Большой демографический взрыв. Большой взрыв. И что? Синьор Гатти исчез в начале февраля. От мужа Лючия ушла пару недель спустя. После этого – не значит вследствие этого. Но почему-то часто получается так, что «после» и «вследствие» связаны друг с другом – случается и наоборот, конечно, я не знал статистики совпадений и антисовпадений, но утверждать, будто «после» однозначно не означает «вследствие», я бы не стал.

Во всяком случае, этот момент следовало исследовать особо. Я был бы не прочь собственными глазами взглянуть на квартиру синьора Гатти, на его кухню и его инвалидную коляску, и на следы конфитюра, но это, понятно, невозможно: в квартире наверняка уже давно живет кто-то другой…

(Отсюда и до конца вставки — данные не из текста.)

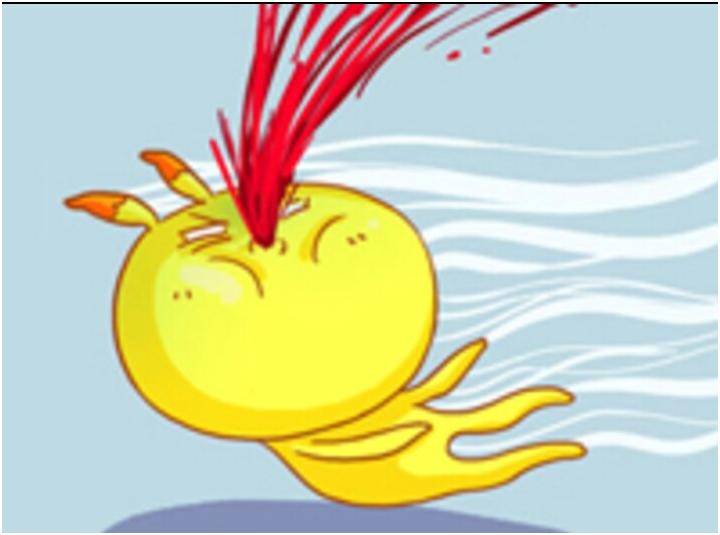 鍗锋瘺鐜板湪鎬庝箞鏍蜂簡,鎭跺績鐨勫嵎姣涚嫍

Я позвонил в справочную Сан-Тинторетто, узнал нужный мне телефон в муниципалитете, набрал номер и мило побеседовал с секретаршей, сообщившей по секрету (таким, во всяком случае, был ее голос), что квартира, в которой жил исчезнувший синьор Гатти, до сих пор стоит опечатанная, потому что у кого-то в полиции, видимо, застарелый склероз, дело все еще не закрыто официально, и из-за этого невозможно сдать квартиру… да, она принадлежит муниципалитету… а вот об этом нужно разговаривать с комиссаром, поскольку, как я сказала, дело не закрыто, и если синьору удастся надавить… да, я понимаю, что это не в вашей компетенции…

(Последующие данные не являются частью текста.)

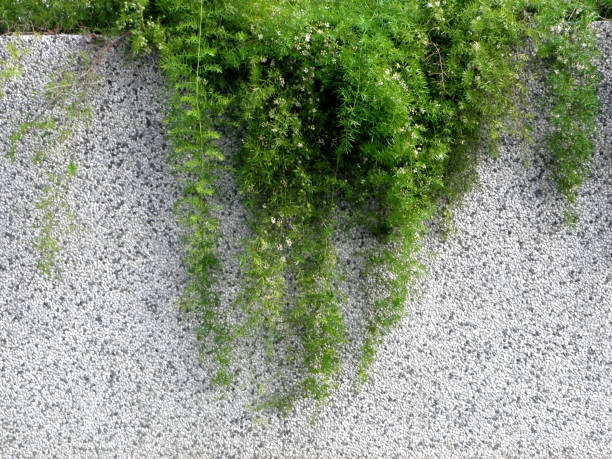 istock Green leaf texture background hanging on grey concrete wall. 1158331938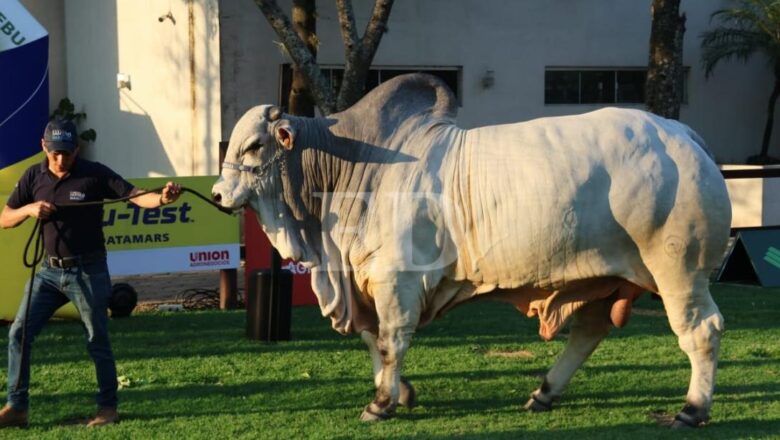 Teo FIV, de la cabaña Santa Bárbara, es el animal más pesado de la Expocruz 2025 con 1.275 kilogramos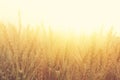 photo of wheat field at sunset Royalty Free Stock Photo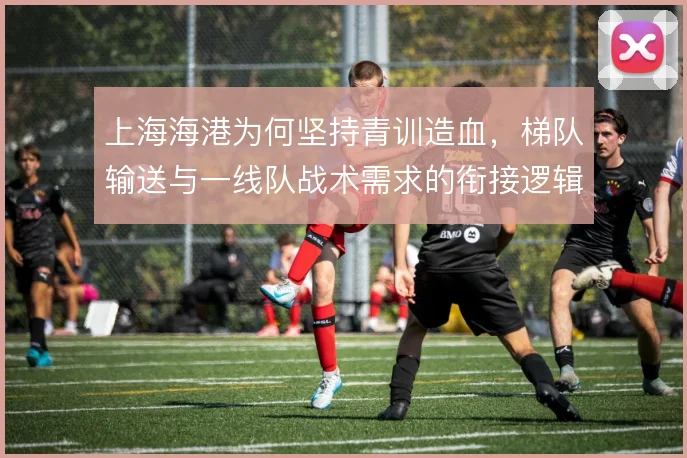 上海海港为何坚持青训造血，梯队输送与一线队战术需求的衔接逻辑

Разговор с комиссаром Стефанелли оказался коротким: я представился, сказал, что занимаюсь расследованием, в ходе которого мне бы хотелось ознакомиться с квартирой… Стефанелли даже не дослушал, его кто-то торопил, чьи-то возбужденные голоса слышались в трубке, да сколько угодно, сказал он, приезжайте, сержант Андреотти пойдет с вами, чтобы потом опять опломбировать… Да, я знаю, все время забываю оформить, дело формально не закрыто… Почему? Нет никакой причины – надо закрыть и сдать в архив, но… Вот, скажем, если бы дело закрыли, разве смогли бы вы побывать в квартире, так что для частного сыска наша недоработка как раз… Вот именно.

Мы договорились, что в Сан-Тинторетто я приеду завтра в одиннадцать, после чего, удовлетворенный даже сверх запланированного, я отправился в офис и выслушал подробный отчет Сильвии, а также получил на руки толстую пачку распечаток.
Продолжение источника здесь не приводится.